En este contexto líquido, como diría el psicoanalista Jacques Lacan, los significantes–amo se han derribado. Todo circula denostando a referencias y autoridades. Sería interesante recordar aquí que la autoridad, a diferencia del poder, requiere el reconocimiento para validarse y concretarse (Hegel o Arendt son autores clave para situar este fenómeno). Es decir, si a alguien no se le reconoce, no hay autoridad.

Jóvenes celebran San Juan de una playa de Valencia. Shutterstock / Evgeny Gubenko

Un imaginario fatalista

En segundo lugar, la falta de expectativas en nuestros jóvenes genera la necesidad de establecer puntos de fuga en su búsqueda de referentes y a las frustraciones del porvenir. Su contexto no es fácil, aunque parezca lo contrario.

Más allá de las dificultades o no que tengan en el presente (las propias de la adolescencia así como las económico–sociales de sus cuidadores), no cesan de escuchar que su futuro (laboral, existencial o social) no es nada halagüeño. Desempleo, carencia de oportunidades, dificultad de establecer vínculos duraderos con sus semejantes, nomadismo forzado… todo ello flota por su imaginario, sea consciente o inconscientemente, y de ahí la necesidad de buscar puntos evasivos para con sus circunstancias.

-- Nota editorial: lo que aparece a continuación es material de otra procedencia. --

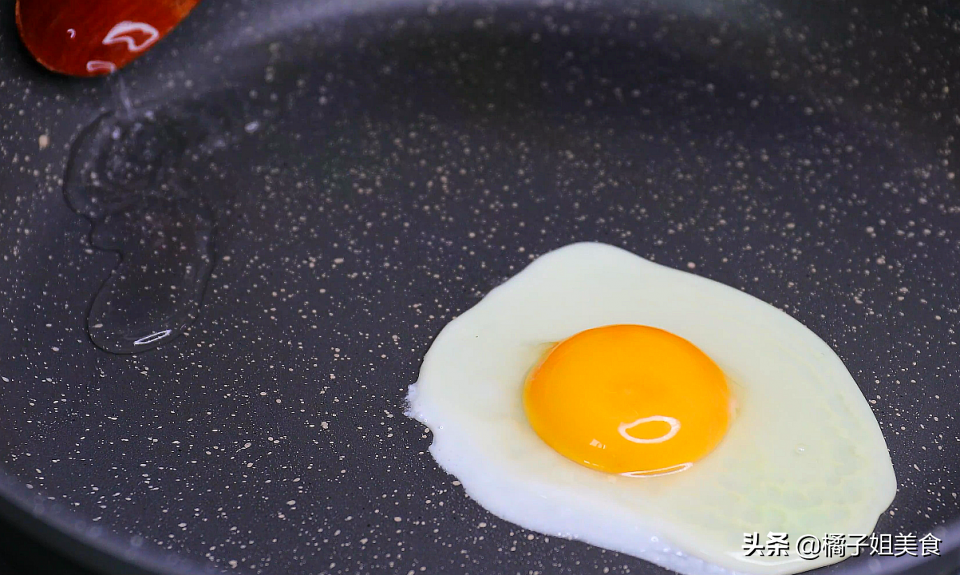 圖片[4]-荷包蛋怎么做才不會散花？教你一個小技巧 口感鮮嫩 好吃又好-起舞食譜網(wǎng)
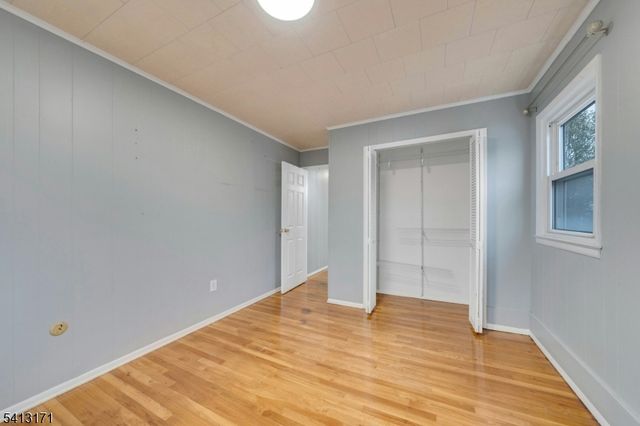 5 General Karge Ct, Elizabeth City, NJ 07202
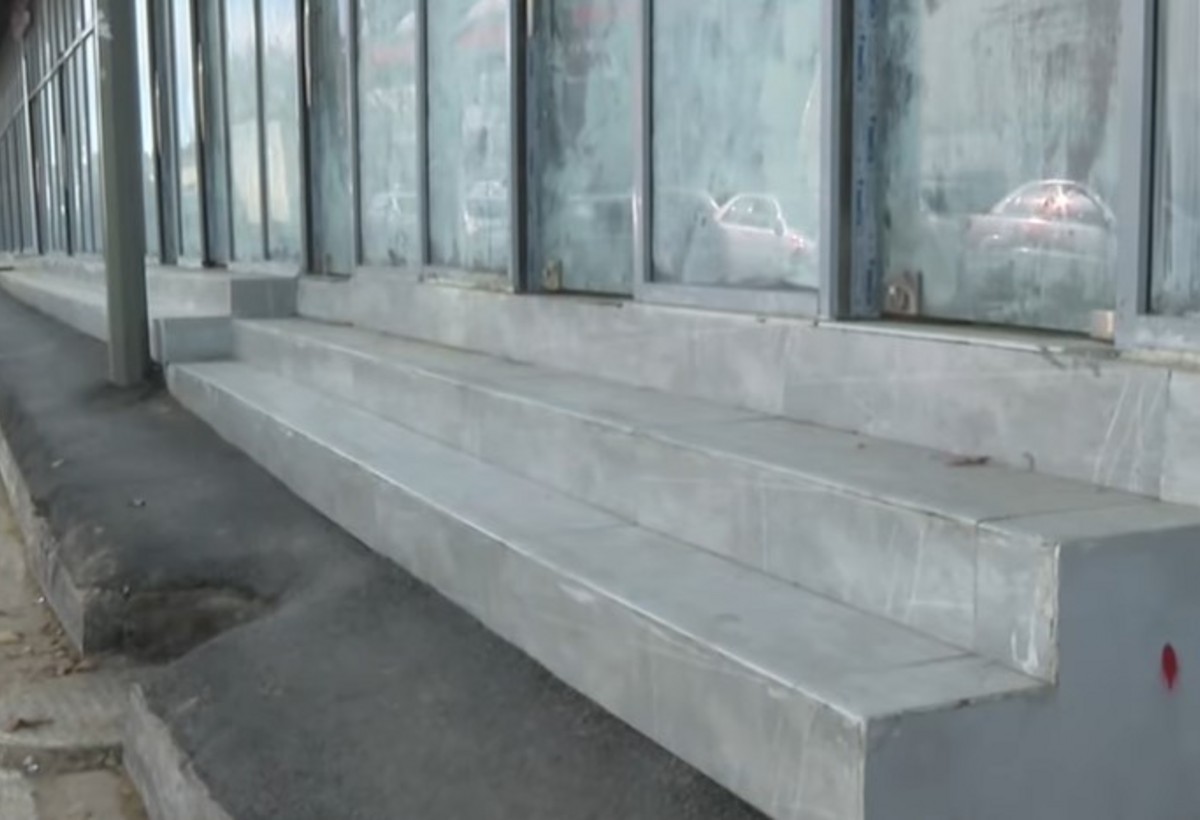 Bakıda səkilərin zəbt olunması piyadalar üçün təhlükə yaradır - VİDEO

Con el botellón buscan un instante de redención ante la fatalidad que se dilate ad infinitum, anhelan compartir, explícita o implícitamente, su malestar con sus congéneres.

Calle y libertad

En tercer término, hay algo de rebeldía en juego. Siempre la hay. Ante las demandas de autoridad y sus frustraciones presentes y venideras, existe la posibilidad real del desacato: la calle, y la noción de fiesta, son símbolos de libertad, de ruptura para con las cadenas de la cotidianidad, de poner en entredicho la lógica del poder.

Tal y como apuntaron autores como Henri Lefebvre (como puede en diversas obras como El derecho a la ciudad) o Manuel Delgado (El animal público, Sociedades movedizas o El espacio social como ideología, entre otras obras) la calle siempre ha sido un espacio de reivindicación de la soberanía del individuo (o de la masa) más allá de los dictámenes establecidos por el poder.

Hay algo volátil, disruptivo, incontrolado, atávico en la festividad así como en las calles. Por ello el poder siempre ha querido gestionar (incluso infraestructuralmente) las calles y con ello eliminar cualquier tentativa de sublevación.

¿Alternativas?

Más allá de estas cuestiones, la alternativa que se les ofrece es poco tentadora: o bien que consuman de forma ordenada y gestionada por los locales de ocio (fortaleciendo así, en último término, el dominio de la plusvalía y productividad del sistema capitalista), recurriendo a la intimidación del poder/Ley, o incluso se les exhorta a que esperen a madurar.

Como ocurre la mayor parte de las veces, una educación integral que comprometa a los distintos niveles sociales y familiares, entendida en términos de la idea griega de paideia, en torno a la cuestión de la responsabilidad puede facilitar llevar mejor las cosas.

Ahora bien, sin un cambio o viraje en las condiciones socio–económicas generales, que posibilite, entre otras cosas, una mayor capacidad de establecer expectativas más o menos duraderas, y que ayude, en definitiva, a establecer de nuevo la importancia de la utopía (Ricoeur y Mannheim aquí nos ayudarían en sus libros homónimos: Ideología y utopía) por encima de la idea de fatalidad (“esto es lo que hay”), las cosas parecen complejas. El tiempo dirá.